It's all bread rolls, cold meat and cheese over here.
I don't eat breakfast anymore...
so I no longer frequent greasy spoons. But I used to. Oh yes. Before I moved to Oxford I was already well-acquainted with one legendary place in the city, the St Giles Cafe. At the age of 19 or so I would come up to visit a couple of friends at the university and we'd go there on a Sunday morning to deal with our raging hangovers. From memory, this is what a full English consisted of:
3 sausages
5 rashers of bacon
2 fried eggs
small mountain of baked beans
small hillock of fried mushrooms
4 slices of fried bread
All for about £3. Hangovers were duly cured, but instead we spent the rest of the day feeling like we'd put on four stone.
Cafe Crowther
Fewer cafes seem to be doing fried bread anymore, which is I guess a good thing and I can't remember the last time I has some!
I hope your Oxford mushrooms were fresh and not tinned, but I guess for a £3 breakfast, probably not!
Apart from holidays and the odd weekend, my breakfast most mornings is either porridge or one banana, exciting stuff. Fried breakfasts every day can soon become tiresome.
St Giles...
...went just the once, the morning after a wedding. Bloody hell, it was an almighty plate of food. There's also some good spots for fry ups in the Covered Market I think - what's the name of the greasy spoon at the far end, Patrick?

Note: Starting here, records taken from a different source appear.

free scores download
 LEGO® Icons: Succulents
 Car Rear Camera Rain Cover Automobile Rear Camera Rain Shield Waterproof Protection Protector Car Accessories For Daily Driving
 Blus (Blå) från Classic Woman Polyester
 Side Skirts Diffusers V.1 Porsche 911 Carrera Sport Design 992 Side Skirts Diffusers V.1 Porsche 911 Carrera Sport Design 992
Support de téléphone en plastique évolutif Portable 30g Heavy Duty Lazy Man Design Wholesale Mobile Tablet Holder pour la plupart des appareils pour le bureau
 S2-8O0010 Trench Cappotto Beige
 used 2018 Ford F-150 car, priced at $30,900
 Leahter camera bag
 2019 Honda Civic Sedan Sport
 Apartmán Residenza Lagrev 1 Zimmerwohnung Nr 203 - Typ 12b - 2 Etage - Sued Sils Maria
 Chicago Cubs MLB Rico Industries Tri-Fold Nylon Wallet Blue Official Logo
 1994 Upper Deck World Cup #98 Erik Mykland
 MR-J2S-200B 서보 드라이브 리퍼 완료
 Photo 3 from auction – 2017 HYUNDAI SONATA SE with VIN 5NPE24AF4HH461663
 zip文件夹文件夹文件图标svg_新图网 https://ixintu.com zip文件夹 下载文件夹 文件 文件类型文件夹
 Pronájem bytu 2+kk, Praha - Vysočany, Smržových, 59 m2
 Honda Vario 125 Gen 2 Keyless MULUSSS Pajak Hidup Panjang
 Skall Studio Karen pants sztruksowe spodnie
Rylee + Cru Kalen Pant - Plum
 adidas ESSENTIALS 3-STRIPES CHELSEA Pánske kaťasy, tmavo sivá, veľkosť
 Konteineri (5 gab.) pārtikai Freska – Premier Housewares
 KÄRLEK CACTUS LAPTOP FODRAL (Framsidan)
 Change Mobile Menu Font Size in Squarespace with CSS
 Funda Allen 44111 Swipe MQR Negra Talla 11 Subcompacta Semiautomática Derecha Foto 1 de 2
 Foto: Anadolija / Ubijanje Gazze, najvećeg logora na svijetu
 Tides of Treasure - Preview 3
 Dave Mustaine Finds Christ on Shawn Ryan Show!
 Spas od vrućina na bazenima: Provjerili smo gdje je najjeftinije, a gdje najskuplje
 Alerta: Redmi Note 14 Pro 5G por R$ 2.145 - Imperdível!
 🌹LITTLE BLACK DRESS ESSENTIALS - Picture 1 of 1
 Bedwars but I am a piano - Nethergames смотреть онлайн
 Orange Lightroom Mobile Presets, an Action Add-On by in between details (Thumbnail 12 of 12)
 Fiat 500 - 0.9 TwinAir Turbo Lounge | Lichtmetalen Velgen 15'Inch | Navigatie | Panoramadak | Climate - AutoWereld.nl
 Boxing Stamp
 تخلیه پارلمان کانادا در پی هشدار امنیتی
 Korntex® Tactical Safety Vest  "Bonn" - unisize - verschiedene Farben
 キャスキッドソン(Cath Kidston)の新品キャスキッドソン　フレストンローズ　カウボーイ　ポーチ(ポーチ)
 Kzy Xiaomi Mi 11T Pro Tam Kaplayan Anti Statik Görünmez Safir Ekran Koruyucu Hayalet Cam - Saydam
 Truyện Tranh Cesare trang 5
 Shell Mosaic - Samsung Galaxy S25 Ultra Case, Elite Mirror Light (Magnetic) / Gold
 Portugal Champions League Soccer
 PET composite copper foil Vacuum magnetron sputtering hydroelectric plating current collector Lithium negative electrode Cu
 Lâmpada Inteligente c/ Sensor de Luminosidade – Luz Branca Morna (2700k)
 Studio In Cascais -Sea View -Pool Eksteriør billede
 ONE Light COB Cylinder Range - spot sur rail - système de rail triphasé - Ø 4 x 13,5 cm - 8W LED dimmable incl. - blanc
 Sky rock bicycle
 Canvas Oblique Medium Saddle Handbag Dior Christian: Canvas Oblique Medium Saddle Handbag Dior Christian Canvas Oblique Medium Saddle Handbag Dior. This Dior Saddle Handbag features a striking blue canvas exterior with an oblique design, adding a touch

Me and the missus did once have a fry up in here:
It's been painted bright colours now - at least it was a couple of months back the last time we were in Northwich.
I would welcome any tips for other good London cafes:
http://russelldavies.typepad.com/eggbaconchipsandbeans/
this is a good site too
http://www.classiccafes.co.uk/
Cheers
Thanks to you both for those links, they will be very useful.
when i worked in London
i used to look forward to a trip the New Piccadilly Cafe. I guess it wasn't really a 'greasy spoon' in the strictest of senses, but it came close enough. It was like stepping into a time capsule; you'd pop in on a saturday afternoon, it'd be pissing rain outside, you'd sit down, order from the menu (with - even in 2002 - an 01 prefix on the phone number) and just drink in the atmosphere, and relish the egg and chips which was on its way.
The New Piccadilly
It closed in 2007. I used to eat there every week and was one of the last customers. Everybody wanted the fixtures and fittings as souvenirs but the owner - bless him - decided to junk the lot, so there'd be no evidence left of its fifty years in the business. I even had my job interview for The Word at the Piccadilly.
Nice photo feature here.
I was a regular too
Still miss the apple crumble...
The hope workers cafe
On holloway road, used to use it every saturday and Sunday morning when earning a few quid working on a site at the weekends. Used to love the fried egg rolls!
Still there, and still had the faded Pepsi sign as far as I remember.
Still serving
I was there on Saturday.
MOJO's Music Cafe is a favourite?
I'd have kept that quiet if I were you.
Belchers?
Blimey, I lived opposite that caff (I think) for a couple of years, it's in Brighton yes?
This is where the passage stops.